A year on from vowing to love Andrew no matter what for the rest of my days, and I feel an overwhelming sense of calm. I don’t know if it’s an acceptance that the “honeymoon period” and “post-wedding blues” are behind us, or whether we’ve gone through the cycle of newly-wed firsts: “first married Valentines day”, “first married holiday after the honeymoon…”, but on the morning of our anniversary, I awoke feeling notably at ease. I look back at the unprecedented calm that washed over me on that same morning a year before. The calm of knowing completely and absolutely that my life was about to change for the better.
Since that time, I’ve tousled with my own identity. I’ve pondered my new position in the world, my new family, my new beginning. I’ve felt guilt at the thought that our wedding day didn’t feel like the illusive “best day of my life”; I’ve mourned for the elation that I know I’ll never feel again – at least not in the same capacity. I’ve taken a good long look at myself, at who I want to be, what path I want to forge for myself, and for us.
When reflecting just a few months ago about life 9 months into marriage, I was concerned that we seemed to be living on pause. That this phase in our lives was merely momentary; that the plans we were making, and those we were hoping for, could soon be upon us and our world would be turned upside down again. But in reality that’s how it’s always going to be. Nobody knows what’s around the corner, no matter how stringently you plan, so the way we live our lives for now, our priorities, our ideas, they’re all temporary anyway. We are always evolving, both individually, and together.
I think it is an acceptance of all of these things that brought a sense of peace to me on our anniversary.
We kept the celebrations pretty low key. Just something small and intimate for the two of us.
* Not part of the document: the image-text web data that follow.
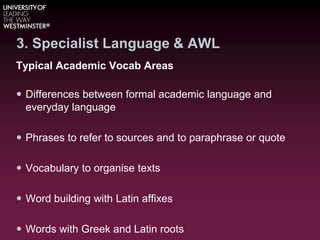 3. Specialist Language & AWL
Typical Academic Vocab Areas
 Differences between formal academic language and
everyday language
 Phrases to refer to sources and to paraphrase or quote
 Vocabulary to organise texts
 Word building with Latin affixes
 Words with Greek and Latin roots
 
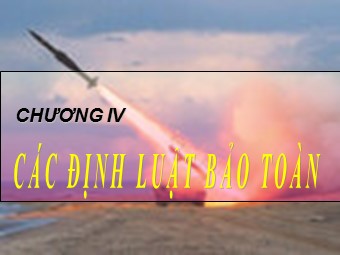 Bài giảng Vật lí Lớp 10 - Bài 23: Động lượng. Định luật bảo toàn động lượng (Bản hay)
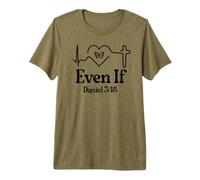 Even If Christian Bible Verse Daniel 3:18 Faith Hope Love Maglietta Premium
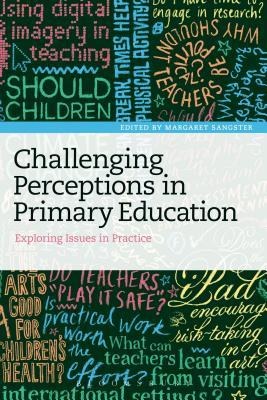 【预订】Challenging Perceptions in Primary Education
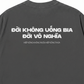 Áo Thun Relaxed Fit Không Bia Đời Vô Nghĩa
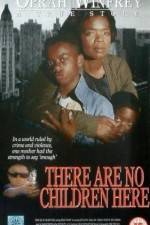 Watch There Are No Children Here Myflixer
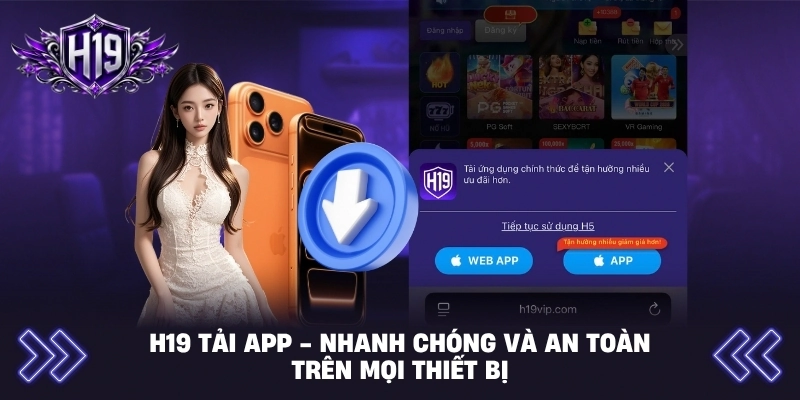 H19 Tải App - Nhanh Chóng Và An Toàn Trên Mọi Thiết Bị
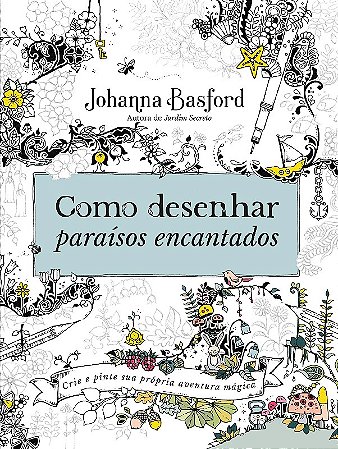 Como Desenhar Paraisos Encantados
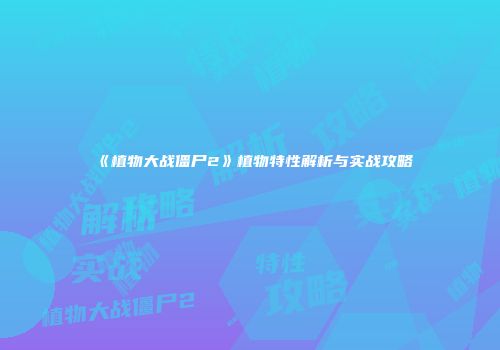 《植物大战僵尸2》植物特性解析与实战攻略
Since our anniversary is on the brink of Christmas, it was special enough to slow down and take ourselves off for a quiet day, just us two. We enjoyed lunch at a restaurant in a quaint village just out of town; shopped for a special anniversary bauble to begin a new Christmas tradition; and rounded the evening off with a cosy viewing of It’s a Wonderful Life at the local community cinema.
And it was perfect.
Marking the anniversary of our marriage encouraged me to reflect on the past year – much like how New Year’s Eve conjures a similar reflection. Inwardly, I evaluated how I have changed, become more comfortable with my new role as a wife, understood what it means to be married to Andrew. We haven’t had the easiest of introductory years to marriage, but then we have had by no means the worst either. I’ve seen how we both react to different situations. How we can celebrate together in each other’s triumphs; how we have consoled each other at sombre times.
Looking back over the past year, the thing that stands out is the togetherness that I feel, in the good times and the bad. There is a solidarity between us, a security. No matter what the situation, I know I will always get through it as long as I have Andrew by my side, and something about being married to him makes that solidarity even stronger. My number one supporter, my encourager, my consoler and my friend. And I like to think he has a similar solace in me.
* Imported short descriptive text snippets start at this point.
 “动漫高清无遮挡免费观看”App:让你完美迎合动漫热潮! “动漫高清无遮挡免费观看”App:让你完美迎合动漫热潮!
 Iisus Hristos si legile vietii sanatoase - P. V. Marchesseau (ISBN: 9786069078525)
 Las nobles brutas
We both agreed that our anniversary felt like our very own private new year celebration. Resolutions were made, even if not spoken out loud. As we venture into the unknown of another year ahead, it excites me to dream of the possibilities our second year of marriage will hold for us. How much more will we learn about each other, about ourselves? How much closer will we become? Could this year be the year we start our own family…
As much as we’ve been trying, and that monthly ‘two week wait’ seems to get longer and longer each time, I’m almost grateful that we’ve been allowed this year to navigate by ourselves. No distractions. We know that when and if the time is right, we’ll get the family we want. And if we don’t, that’s ok too, because our love for each other will always be enough to keep the world an exciting place, and to keep us moving forward, together.
So what have I learned after a year of marriage? So much more than I ever thought I would. I’ve learned new things about my husband, silly anecdotes and subtle quirks I might not have noticed before. I’ve learned new things about myself, how I see the world, how I want to live in it. I’ve learned how being married has made me stronger, more capable of taking on whatever life throws at me. I’ve learned to let life take it’s course. To be flexible with plans and not so hard and fast with rules (although I’m still working on the latter!)
Above all, I’ve learned that two people really can be everything to each other. They can be the worst antagonists but also the greatest allies. They can be the dream-givers and the voices of reason. They can be the jesters and the shoulders to cry on. I believe that as the years go on, we’ll develop more parts of ourselves, striving to be everything we can be for each other, knowing what we need to be for each other in all of life’s unpredictable situations.